Ada beberapa jenis pola asuh yang diterapkan orangtua ke anak dan memiliki dampak tertentu. Beberapa tipe pola asuh itu termasuk:
Advertisement
Pola Asuh Otoriter
Pola asuh otoriter cenderung penuh kekerasan, banyak larangan, sedikit kasih sayang dan kurang kedekatan. Membuat anak cenderung tumbuh dengan rasa tidak berharga, bisa juga memberontak.
Pola Asuh Demokratif
Pola asuh demokratif dinilai cukup ideal. Ada keseimbangan antara ketegasan dengan kasih sayang. Anak tumbuh dengan paham aturan, juga tangki cinta kasihnya terisi. Mereka memahami dirinya berharga dan layak didengarkan.
Pola Asuh Permisif
Pola asuh permisif cenderung menuruti segala keinginan anak, tidak ada batasan. Seakan kebebasan penuh itulah kasih sayang. Padahal anak butuh dibentuk karakternya, kebiasaannya, etikanya, dan moralnya.
Pola Asuh Neglected
Pola asuh neglected atau pengabaian adalah pola asuh yang meniadakan kasih sayang, ketegasan, dan pemenuhan kebutuhan lainnya. Ini tentu membuat anak sangat kehilangan arah hidup.
“Maka, ada baiknya sebelum masuk pada jenjang pernikahan, masing-masing individu mempelajari apa itu relasi pernikahan? Apa dan bagaimana menjalani peran sebagai suami dan istri? Agar ini benar-benar dipersiapkan dan dipahami,” kata psikolog Livina Suryanata , M.Psi, dalam keterangan pers Kementerian Kependudukan dan Pembangunan Keluarga (Kemendukbangga/BKKBN) dikutip pada Senin (2/6/2025).
Pengetahuan Soal Pola Asuh sebagai Bekal Berumah Tangga
Livina menyampaikan, pengetahuan tentang pola asuh sangatlah penting untuk menjadi bekal menjalani rumah tangga agar mampu mengarahkan diri saling mendukung membentuk keluarga yang fungsional.
Sebaiknya, pasangan suami istri juga membekali diri dengan pengetahuan yang cukup mengenai peran sebagai orangtua.

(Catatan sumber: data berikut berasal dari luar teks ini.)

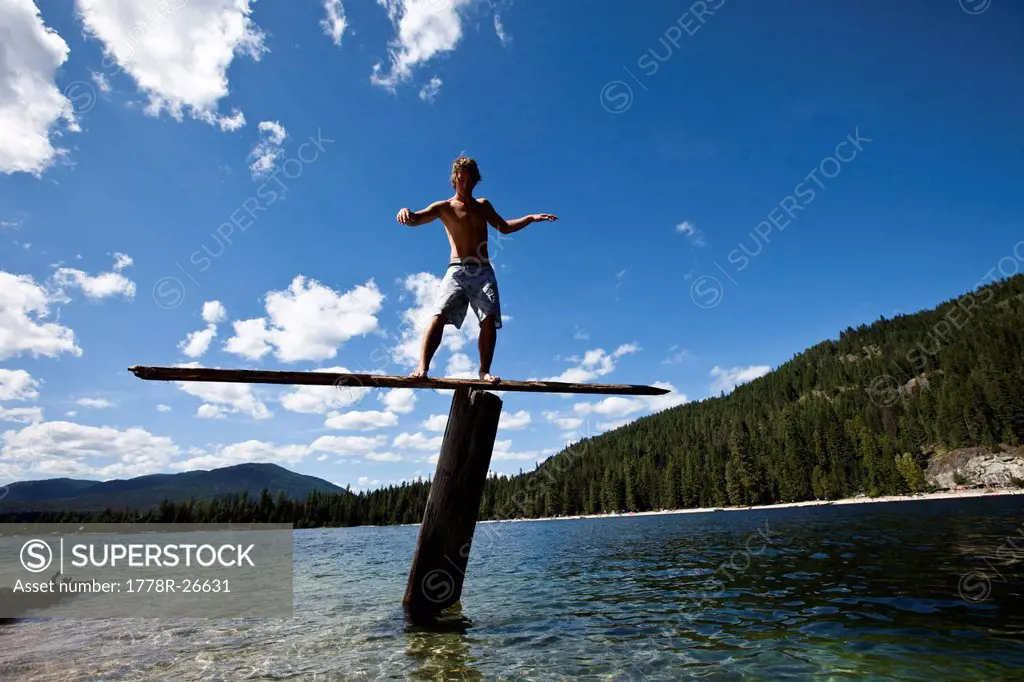 A young man balances on a teeter totters high above a lake in Idaho.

Apalagi mendampingi anak bertumbuh di setiap tahapan memiliki cara dan tantangan yang berbeda-beda.
“Setiap orang perlu berproses memahami kekurangan dan kelebihan dirinya untuk menjadi versi dirinya yang terbaik. Tidak ada keluarga yang sempurna. Namun setiap orang punya kesempatan untuk belajar menjadi versi terbaik dari dirinya sendiri demi menciptakan keluarga yang fungsional menghadapi tantangan kehidupan modern,” ucap Livina.
Program Pembekalan Ilmu Parenting bagi Orangtua
Untuk memberi bekal itu, Kemendukbangga menyediakan program Gerakan Ayah Teladan Indonesia (GATI). Program ini bertujuan agar setiap ayah memiliki kesadaran soal peran penting dalam pola pengasuhan anak.
Keberadaan program GATI diperkuat dengan kehadiran Kelas Orangtua Hebat yang menghadirkan tenaga ahli di bidangnya untuk memberikan materi terkait permasalahan yang terjadi di masyarakat.
Program ini diperkuat dengan kehadiran program Taman Asuh Sayang Anak atau Tamasya untuk menggerakan program utama yang diampu, yakni Pembangunan Keluarga. Tamasya sendiri adalah program pemberdayaan anak-anak di tempat penitipan anak.
Kehadiran program yang menjadi bagian dari quick wins Kemendukbangga/BKKBN itu dilandasi kekhawatiran semakin "menggilanya" penggunaan gawai di era modern sekarang ini. Bukan saja oleh orang dewasa, tetapi sudah merambah ke dunia anak-anak.
Ironisnya, kebanyakan orangtua belum memahami tentang batasan penggunaan gawai yang berdampak kepada anak. Orangtua, apalagi anak, susah memfilter informasi yang begitu luas yang mereka terima. Informasi itu menciptakan kebiasaan-kebiasaan dan perilaku tidak sesuai dengan usia anak.